Steve Smith (54 not out) and Peter Siddle (43) prolonged Australia’s resistance for an hour around a couple of suspensions for rain, but Graeme Swann broke the 86-run, eighth-wicket stand when he had Siddle caught on the boundary by Anderson.
Anderson (3-61) then had Ben Hilfenhaus (7) caught behind and Chris Tremlett (3-79) picked off No. 11 Michael Beer (2) to end the test and cue wild celebrations among England players and its ‘Barmy Army’ supporters.
In one of the few highlights for Australia, young allrounder Smith raised his second test half century with a stylish late cut to the boundary off Anderson.
Critics have called for a complete overhaul of Australian cricket, starting with the administration and the national team.
“Pretty disappointing and a hard pill to swallow,” said Mike Hussey, Australia’s leading batsman in the series. “But you’ve got to give credit to England. They deserved the 3-1 scoreline.”
The English batsmen and bowling unit dominated at the SCG as they had done in the series. Only two Australian batsmen scored centuries in the series, while three English batsmen produced hundreds in this match alone.
Cook scored 766 runs in the series, second only to Hammond’s 905 in 1928-29 in the list of English batsmen in the Ashes and was a deserving winner of the player of the series award.
“To win man of the match in the final game of the Ashes is a dream come true,” Cook said. “Our bowlers have been fantastic throughout the whole series. They’ve put some pressure on the Australians the whole series, made our jobs a lot easier.
The fifth test defeat was a major setback for Michael Clarke, who was playing his first test as Australia captain after Ricky Ponting was ruled out with a broken finger, and auditioning as the long-term replacement. Plagued by poor shot selection throughout the series, Clarke immediately retired from Twenty20 cricket to concentrate on long forms of the game.
“It’s been a tough couple of months. England has outplayed us in all facets,” Clarke said. “We’re disappointed we haven’t put on a good enough show. We need to get back to the drawing board and work our backsides off.”
Clarke said the Australian squad had the talent to rebound and said there was no reason for panic.
Most commentators disagreed.
As veteran analyst Peter Roebuck wrote on the front page of The Sydney Morning Herald, “Despair has descended upon Australian cricket. Embarrassment has become an acquaintance.
“Humiliation has introduced itself. Calamity has piled upon calamity.”
On the back page, the usually conservative broadsheet highlighted: “After 135 years, 730 matches and 417 players Australia have finally fielded Our Worst XI.”
Australia great Neil Harvey never masks his opinion about players or administrators. His blunt assessment was that Australia had to “bite the bullet” and overhaul the team.
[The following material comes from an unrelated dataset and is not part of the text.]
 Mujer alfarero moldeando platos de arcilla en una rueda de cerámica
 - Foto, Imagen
England great Geoffrey Boycott blamed selectors for chopping and changing the team.
Officials opened the gates for free entry on an overcast final day, and a crowd exceeding 12,000—mostly England fans—soaked up the final hours of the series.
Strauss summed it up for them: “If you look back at the history of Ashes confrontations, what we’ve achieved here will be remembered pretty fondly.”
About Cricket:
The game of cricket has a known history dating back to the 16th century. International matches have been played since 1844, although the official history of international Test cricket began in 1877. During this time, the game developed from its origins in England into a game that is now played professionally in most of the Commonwealth of Nations.
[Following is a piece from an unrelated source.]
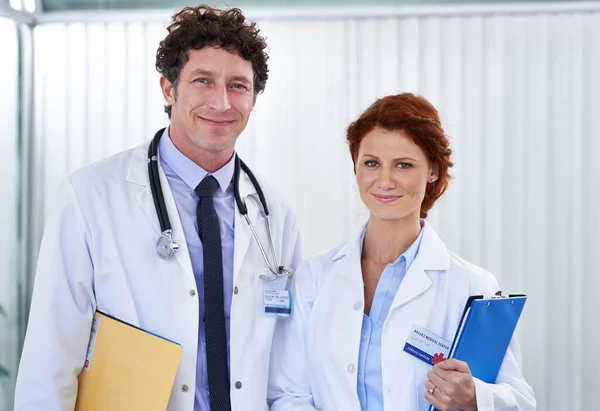 Happiness in the hospital. Cropped shot of two doctors looking happily at the camera. — Stock Photo, Image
No one knows when or where cricket originated, but there is a body of evidence, much of it circumstantial, that strongly suggests the game was devised during Saxon or Norman times by children living in the Weald, an area of dense woodlands and clearings in the southeastern English counties of Kent and Sussex. Cricket was increasingly taken up by adults around the beginning of the 17th century.
Possibly based on the game of “bowls” (modern: lawn bowling), its original implements may have been a matted lump of sheep’s wool or even a stone or small lump of wood) to serve as the ball; and a stick, shepherd’s crook or farm tool as the bat. A stool or tree stump may have been used as a primitive wicket.
The origin of the term “cricket” is not definitely known. In the earliest known reference to the sport in 1598, it is called “creckett.” The name may have been derived from the Middle Dutch “krick(-e),” meaning a stick; or the Old English “cricc” or “cryce” meaning a crutch or staff.
About the Ashes:
The Ashes is a Test cricket series played between England and Australia. It is the most celebrated rivalry in international cricket and dates back to 1882. It is currently played biennially, alternately in the United Kingdom and Australia. Cricket being a summer sport, and the venues being in opposite hemispheres, the break between series alternates between 18 and 30 months.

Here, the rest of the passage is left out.